What you need to do -
Please set down only the lines below starting with the line with "The markings are" and going on through the line with "A really unexpectedly", verbatim and without pictures.

The data -
::::

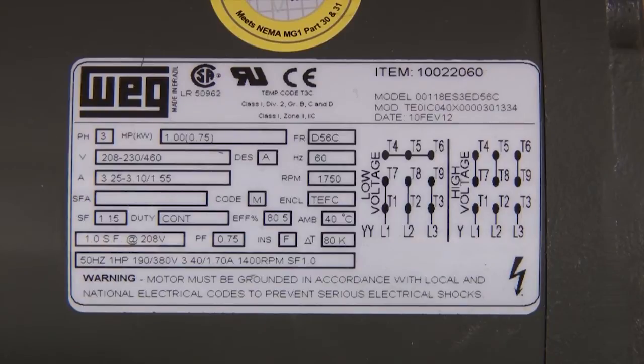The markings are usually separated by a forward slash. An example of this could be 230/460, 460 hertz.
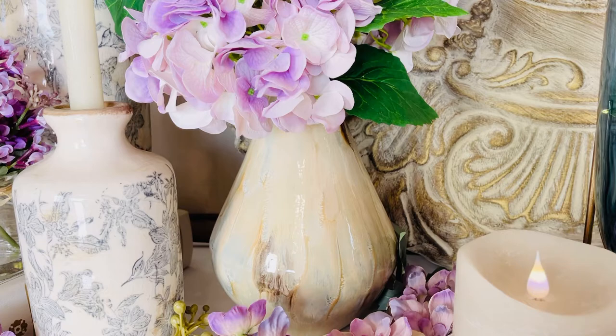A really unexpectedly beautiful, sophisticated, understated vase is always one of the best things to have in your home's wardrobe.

::::

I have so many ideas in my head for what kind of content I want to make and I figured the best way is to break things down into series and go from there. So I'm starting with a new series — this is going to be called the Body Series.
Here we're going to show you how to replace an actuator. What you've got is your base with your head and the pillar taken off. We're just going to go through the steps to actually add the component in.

::::

Final answer -
The markings are usually separated by a forward slash. An example of this could be 230/460, 460 hertz.
A really unexpectedly beautiful, sophisticated, understated vase is always one of the best things to have in your home's wardrobe.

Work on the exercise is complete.